Trials of such products are usually more complex than trials of small molecule drugs and, according to Kenneth Getz, more complex protocols are associated with a higher incidence of amendments.
“We typically see more amendments in oncology and CNS. We also see a higher incidence and average number of amendments in later stage phase 2 and 3 studies.
He added: “There are many factors that contribute to complexity, including more targeted and stratified patient populations, emerging safety issues, crowded drug classes and even the duration of time that multiple functions can provide design input.”
This view is shared by Chris Learn, who said immunotherapy studies are more prone to amendments than other types of research.
“In comparison to other therapeutic platforms, my observation has been that these trials experience more amendments due to the unknown, unexpected impacts that the host’s immune system brings into play, in addition to those resulting purely from the drug and or drug product alone.”
Flexibility
Protocol amendments provide drug developers with the flexibility needed to conduct scientifically robust research, said Jenny Fam, Associate Director, Global Regulatory Affairs, IQVIA.
Fam said: “Innovation in drug research does come with new challenges. All stakeholders (clinicians, patients, regulators, etc, not just sponsors, should be prepared for unexpected outcomes and build contingencies.”
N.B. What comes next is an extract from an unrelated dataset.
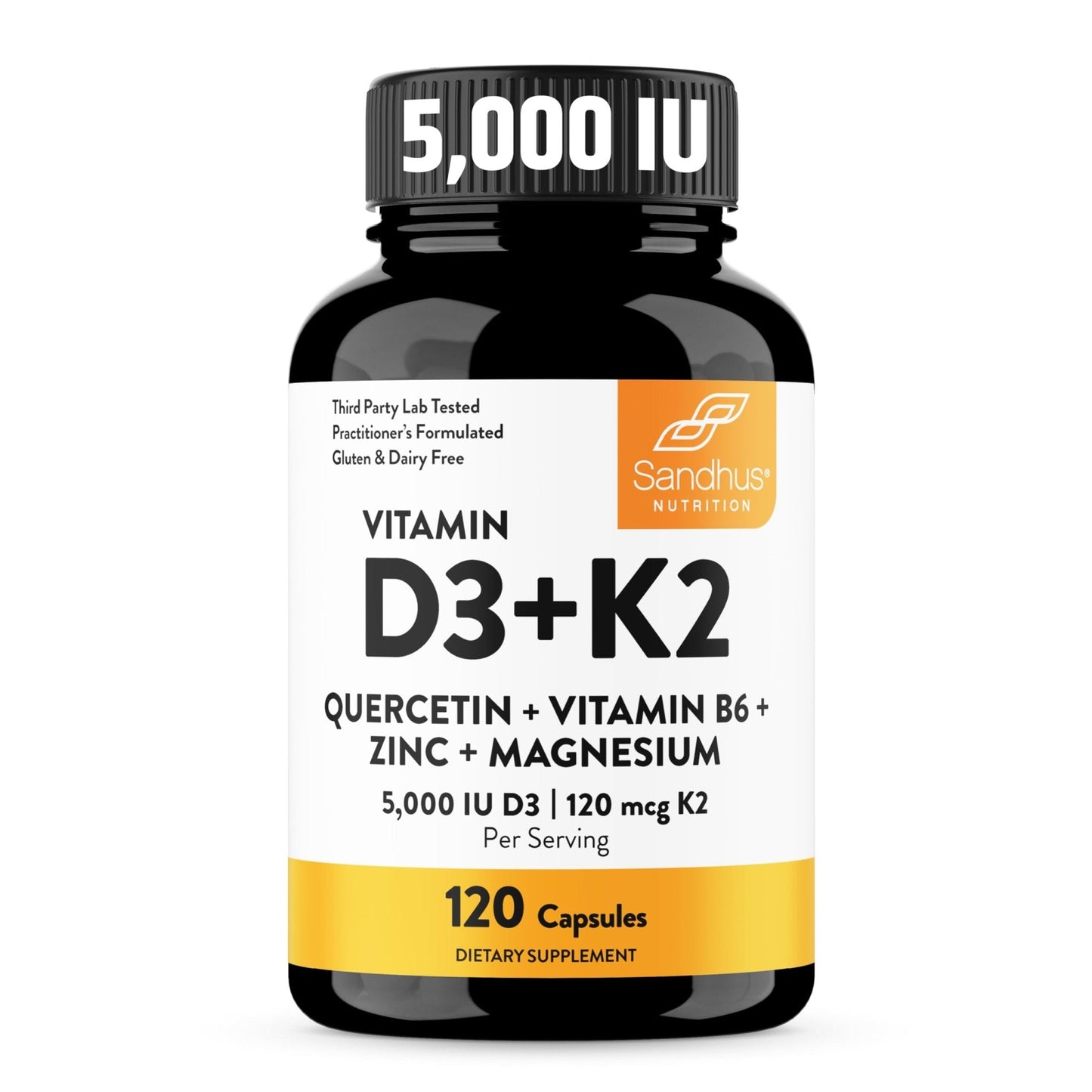 Sandhu's Vitamin D3 K2 Magnesium 5000 IU, 120mcg K2 Capsules 120 Count (Pack of 1) | with VIT B6, Zinc & Quercetin | D3K2 Supports Superior Absorption - PrimeBioHealth - canada supplements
Fam also said the ability to amend protocols is particularly important in emerging areas of research.
“For example, in the case of a failing lot of autologous cell therapy, sponsors need to ensure reserve samples are available, clinicians need to ensure patients are not at risk for missing a dose and regulators need to allow for flexibility in treatment protocols to ensure risk-benefit measures are implemented under such challenges.”